Exercise prompt
Working from the records below, repeat exactly the lines starting at the line that contains "Nove Mesto na Morave World Cup" and ending at the line that contains "Vente Maison de", inclusive.

Task input
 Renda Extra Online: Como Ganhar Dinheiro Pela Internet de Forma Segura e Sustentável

---

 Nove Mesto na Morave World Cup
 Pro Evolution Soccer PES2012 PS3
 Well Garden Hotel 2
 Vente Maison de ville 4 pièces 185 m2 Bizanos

==

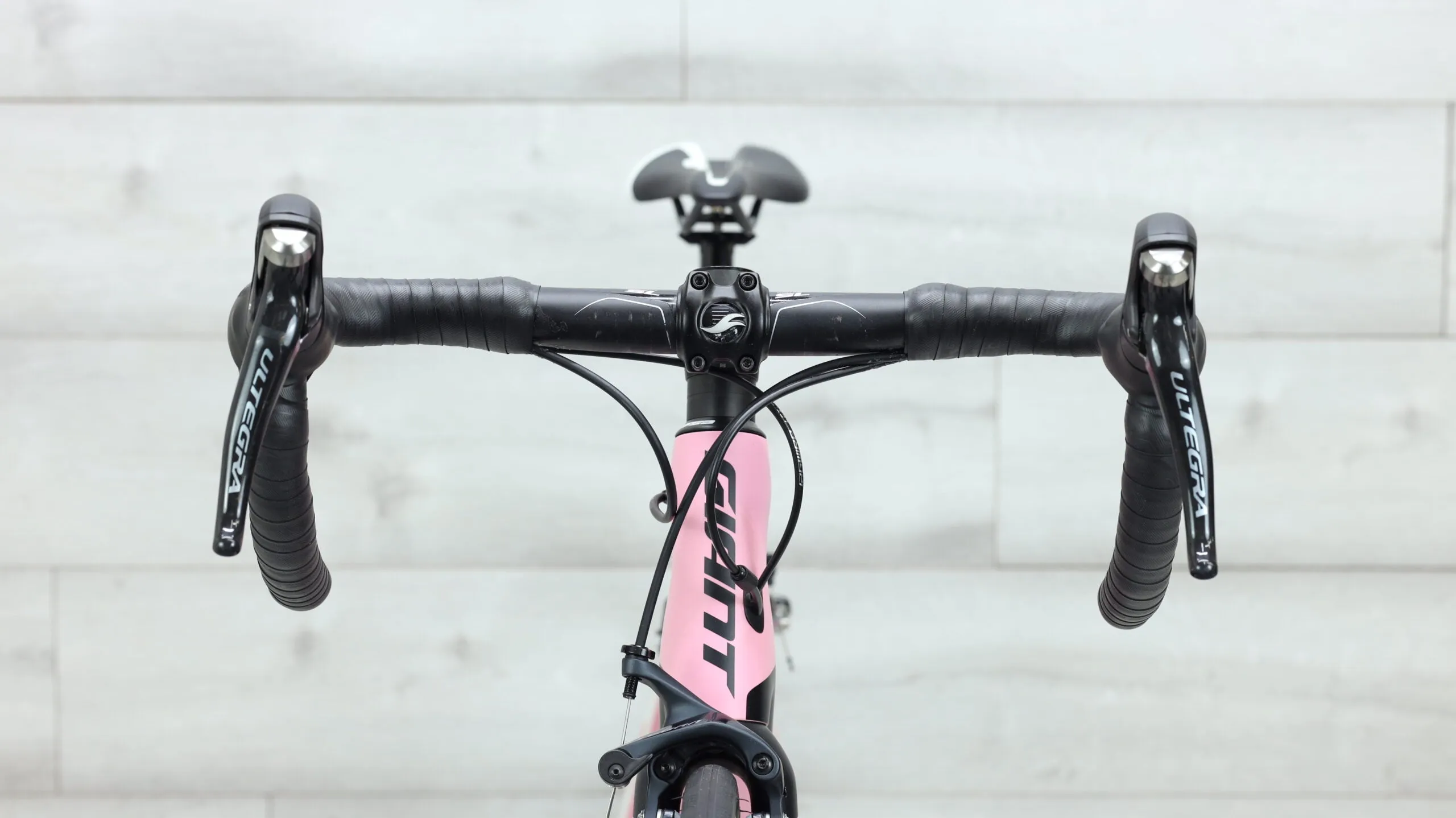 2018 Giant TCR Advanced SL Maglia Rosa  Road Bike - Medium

Result of the task
 Nove Mesto na Morave World Cup
 Pro Evolution Soccer PES2012 PS3
 Well Garden Hotel 2
 Vente Maison de ville 4 pièces 185 m2 Bizanos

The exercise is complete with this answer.